**** Source data

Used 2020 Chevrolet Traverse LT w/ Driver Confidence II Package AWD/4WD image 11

********
**** Source data

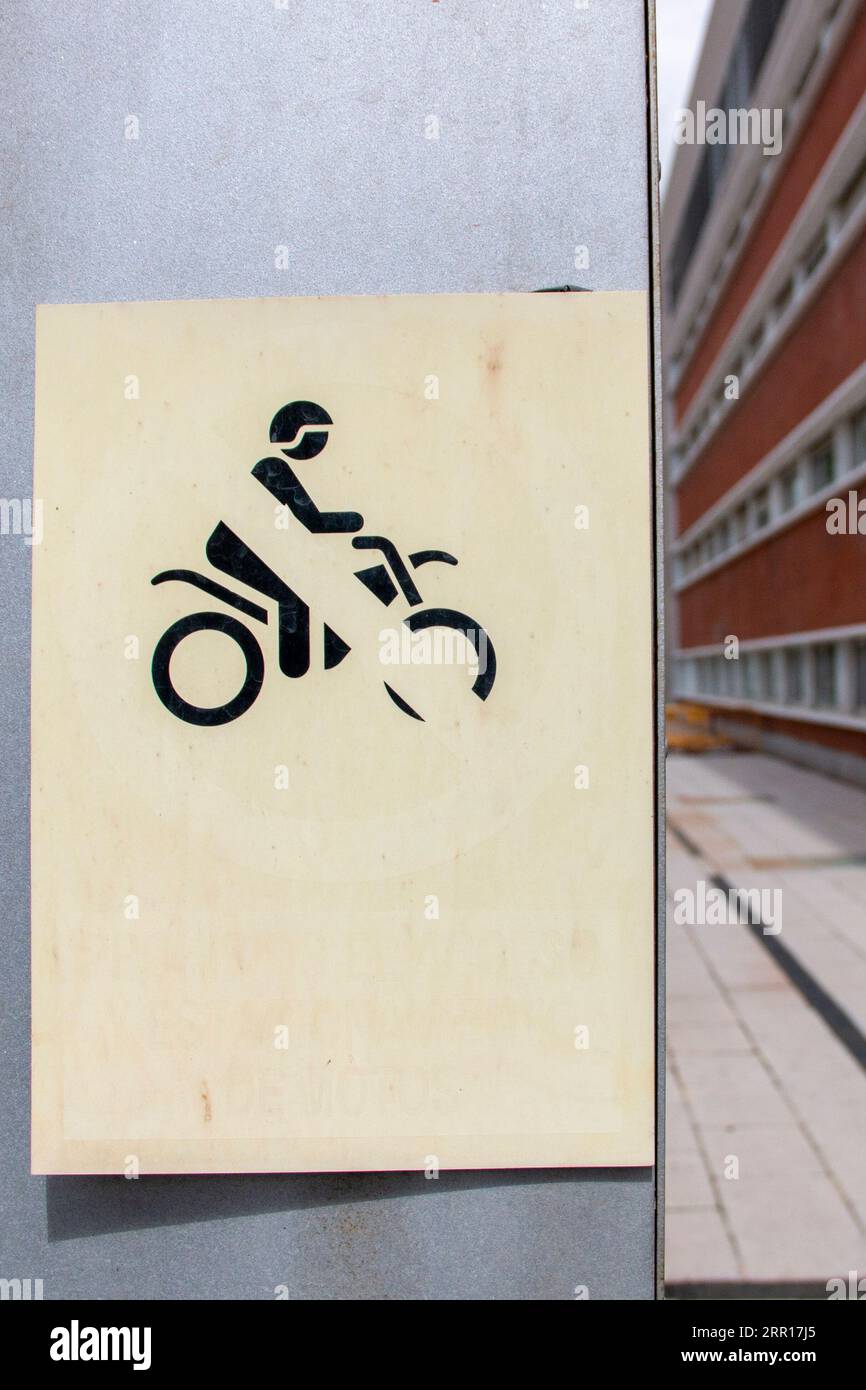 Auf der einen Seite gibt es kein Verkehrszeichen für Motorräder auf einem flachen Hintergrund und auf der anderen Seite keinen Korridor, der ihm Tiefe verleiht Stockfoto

********
**** Source data

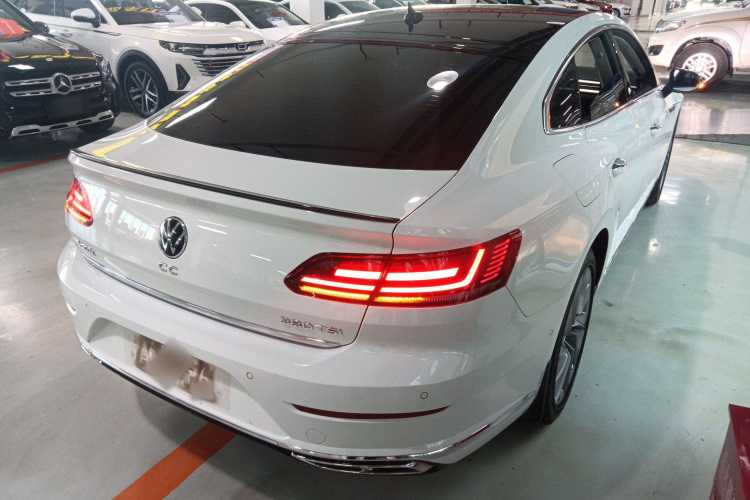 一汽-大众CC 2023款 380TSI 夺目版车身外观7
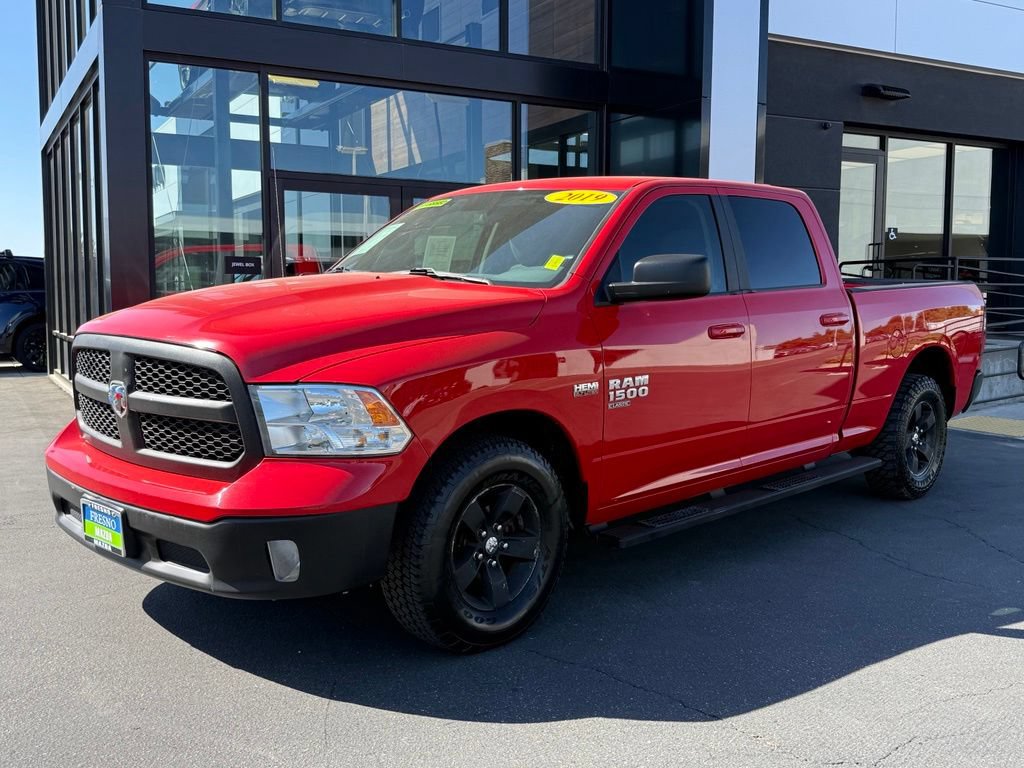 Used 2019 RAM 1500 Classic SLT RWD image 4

********

What is being asked:
Range to copy from the records above: the line containing "一汽-大众CC 2023款 380TSI 夺目版车身外观7" to the line containing "Used 2019 RAM 1500 Classic SLT RWD image 4", both included. Output those lines exactly and only those, skipping pictures.

Expected answer:
 一汽-大众CC 2023款 380TSI 夺目版车身外观7
 Used 2019 RAM 1500 Classic SLT RWD image 4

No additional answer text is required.